Country snapshots: different speeds, same direction

North African countries are not moving in lockstep, but the common trend is unmistakable.

  • Egypt has made deliberate policy choices and pushed an “insta-pay” agenda that helped onboard millions of users quickly — public policy, fintech competition and merchant acceptance have combined to drive fast adoption. Egypt is positioning itself as a payments hub in the region.
  • Morocco has a growing fintech community, improving payment infrastructure and an active effort to boost financial inclusion through mobile wallets and fintech partnerships.
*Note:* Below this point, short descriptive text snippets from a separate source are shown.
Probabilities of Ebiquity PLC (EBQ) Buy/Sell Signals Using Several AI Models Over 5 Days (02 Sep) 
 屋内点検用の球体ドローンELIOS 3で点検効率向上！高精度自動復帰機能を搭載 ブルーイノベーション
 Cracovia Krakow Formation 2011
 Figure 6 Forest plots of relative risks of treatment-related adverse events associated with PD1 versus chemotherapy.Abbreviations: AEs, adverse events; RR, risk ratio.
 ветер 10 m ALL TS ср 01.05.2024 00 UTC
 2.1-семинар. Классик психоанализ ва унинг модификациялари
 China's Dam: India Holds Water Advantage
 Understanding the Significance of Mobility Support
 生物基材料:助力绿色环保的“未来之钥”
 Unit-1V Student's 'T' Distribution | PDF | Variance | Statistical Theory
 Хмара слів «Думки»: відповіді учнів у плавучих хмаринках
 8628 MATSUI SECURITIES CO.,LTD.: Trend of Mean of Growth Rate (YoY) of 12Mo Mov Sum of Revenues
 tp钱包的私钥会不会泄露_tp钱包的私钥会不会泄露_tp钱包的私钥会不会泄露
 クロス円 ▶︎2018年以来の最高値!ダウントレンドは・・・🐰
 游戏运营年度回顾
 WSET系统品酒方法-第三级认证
Industry associations and incubators are increasing developer and merchant support.
  • Tunisia is seeing platform-economy growth and targeted initiatives to link digital platforms with payments, making it easier for small vendors and freelancers to receive money digitally.
  • Algeria has been more cautious but is showing rapid increases in digital transaction volumes and expanding card and mobile payment usage as regulators and banks push reform. A jump in digital transactions reported in 2024 signals accelerating momentum.

Why adoption is accelerating

Several reinforcing factors explain why digital payments are expanding now:

  1. Regulatory nudges and infrastructure upgrades. Central banks increasingly favor real-time payment systems, tokenization standards and clearer licensing for payment service providers — policies that reduce friction and risk for consumers and businesses.
  2. Smartphone and mobile-internet penetration. Growing mobile internet usage provides the distribution channel for wallets and app-based payments.
  3. Private-sector investment and fintech ecosystems. Banks, startups and global players are investing in local payments infrastructure and partnering to scale solutions for remittances, payroll, merchant payments and e-commerce.
  4. Consumer behaviour change. Young, urban populations and pandemic-era habit shifts have increased comfort with non-cash channels — once a critical mass is reached, merchant acceptance follows quickly.

Bottom line

North Africa is moving from a cash-centric status quo to a layered payments ecosystem where mobile wallets, instant rails and affordable merchant acceptance coexist. The pace will vary by country, but North Africa is converging to make digital payments a mainstream part of everyday life across the region. For consumers and firms, that means lower friction, more financial access and new digital commerce opportunities.